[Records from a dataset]
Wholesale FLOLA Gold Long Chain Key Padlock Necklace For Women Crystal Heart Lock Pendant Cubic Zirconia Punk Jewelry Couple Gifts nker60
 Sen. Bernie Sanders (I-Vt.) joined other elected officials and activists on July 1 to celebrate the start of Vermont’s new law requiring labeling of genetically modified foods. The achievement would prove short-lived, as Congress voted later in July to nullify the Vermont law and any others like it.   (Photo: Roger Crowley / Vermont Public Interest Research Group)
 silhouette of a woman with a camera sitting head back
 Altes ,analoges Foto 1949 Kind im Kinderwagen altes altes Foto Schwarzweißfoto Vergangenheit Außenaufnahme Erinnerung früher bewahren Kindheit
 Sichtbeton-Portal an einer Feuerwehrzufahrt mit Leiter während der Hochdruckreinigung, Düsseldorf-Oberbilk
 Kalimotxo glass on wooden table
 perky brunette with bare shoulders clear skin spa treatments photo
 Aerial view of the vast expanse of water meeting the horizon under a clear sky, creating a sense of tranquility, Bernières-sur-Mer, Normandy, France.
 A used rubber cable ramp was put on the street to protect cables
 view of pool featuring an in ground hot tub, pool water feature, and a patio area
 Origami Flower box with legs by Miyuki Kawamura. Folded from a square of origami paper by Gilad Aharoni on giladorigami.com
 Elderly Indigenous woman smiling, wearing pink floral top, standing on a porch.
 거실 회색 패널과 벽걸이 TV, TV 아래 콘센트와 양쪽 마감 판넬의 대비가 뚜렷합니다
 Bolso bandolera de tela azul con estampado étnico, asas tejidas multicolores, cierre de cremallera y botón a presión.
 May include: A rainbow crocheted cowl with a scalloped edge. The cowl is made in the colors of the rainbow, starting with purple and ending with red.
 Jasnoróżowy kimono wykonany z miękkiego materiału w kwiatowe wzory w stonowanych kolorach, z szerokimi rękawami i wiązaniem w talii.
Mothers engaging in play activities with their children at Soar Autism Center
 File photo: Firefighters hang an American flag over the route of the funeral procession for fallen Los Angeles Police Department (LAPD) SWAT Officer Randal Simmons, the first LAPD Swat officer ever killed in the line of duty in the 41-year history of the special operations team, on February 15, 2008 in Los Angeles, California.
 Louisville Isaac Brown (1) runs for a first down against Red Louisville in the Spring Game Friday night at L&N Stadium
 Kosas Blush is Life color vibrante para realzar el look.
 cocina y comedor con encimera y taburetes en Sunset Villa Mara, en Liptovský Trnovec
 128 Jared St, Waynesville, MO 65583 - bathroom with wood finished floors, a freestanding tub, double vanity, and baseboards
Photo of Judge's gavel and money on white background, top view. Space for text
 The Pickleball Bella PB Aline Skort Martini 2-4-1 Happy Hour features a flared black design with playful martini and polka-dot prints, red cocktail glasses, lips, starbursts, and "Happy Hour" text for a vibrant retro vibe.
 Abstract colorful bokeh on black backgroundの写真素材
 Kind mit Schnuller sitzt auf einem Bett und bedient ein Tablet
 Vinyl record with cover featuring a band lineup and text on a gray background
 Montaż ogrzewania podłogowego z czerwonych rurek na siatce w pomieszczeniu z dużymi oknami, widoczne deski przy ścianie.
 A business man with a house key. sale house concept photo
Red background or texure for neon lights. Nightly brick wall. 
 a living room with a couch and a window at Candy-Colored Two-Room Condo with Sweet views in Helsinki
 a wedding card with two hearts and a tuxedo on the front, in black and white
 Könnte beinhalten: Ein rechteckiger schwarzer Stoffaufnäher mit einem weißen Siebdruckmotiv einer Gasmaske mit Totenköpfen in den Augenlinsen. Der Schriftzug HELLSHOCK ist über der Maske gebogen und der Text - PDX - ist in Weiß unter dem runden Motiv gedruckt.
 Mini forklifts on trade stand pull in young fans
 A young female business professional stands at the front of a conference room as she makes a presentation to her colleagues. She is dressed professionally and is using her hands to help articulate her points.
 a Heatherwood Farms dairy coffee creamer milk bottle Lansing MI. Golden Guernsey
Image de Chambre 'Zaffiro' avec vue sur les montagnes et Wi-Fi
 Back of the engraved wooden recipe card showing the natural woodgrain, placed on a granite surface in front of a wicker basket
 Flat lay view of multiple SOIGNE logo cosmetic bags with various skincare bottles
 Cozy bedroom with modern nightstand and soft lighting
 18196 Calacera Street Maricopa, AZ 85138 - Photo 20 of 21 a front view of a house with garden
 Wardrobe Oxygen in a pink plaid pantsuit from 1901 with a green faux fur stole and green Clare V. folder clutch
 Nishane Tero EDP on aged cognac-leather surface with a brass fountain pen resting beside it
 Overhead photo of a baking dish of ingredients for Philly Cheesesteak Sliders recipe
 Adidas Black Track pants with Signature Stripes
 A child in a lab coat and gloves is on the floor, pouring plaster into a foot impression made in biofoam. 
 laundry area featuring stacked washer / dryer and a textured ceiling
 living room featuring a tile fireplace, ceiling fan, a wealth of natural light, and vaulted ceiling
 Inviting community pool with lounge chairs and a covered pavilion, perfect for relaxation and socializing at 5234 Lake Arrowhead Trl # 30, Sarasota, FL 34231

### [THE PROBLEM]
Begin with the line containing "living room featuring" and repeat each line exactly until the records above end.

### [RESULT OF THIS EXERCISE]
 living room featuring a tile fireplace, ceiling fan, a wealth of natural light, and vaulted ceiling
 Inviting community pool with lounge chairs and a covered pavilion, perfect for relaxation and socializing at 5234 Lake Arrowhead Trl # 30, Sarasota, FL 34231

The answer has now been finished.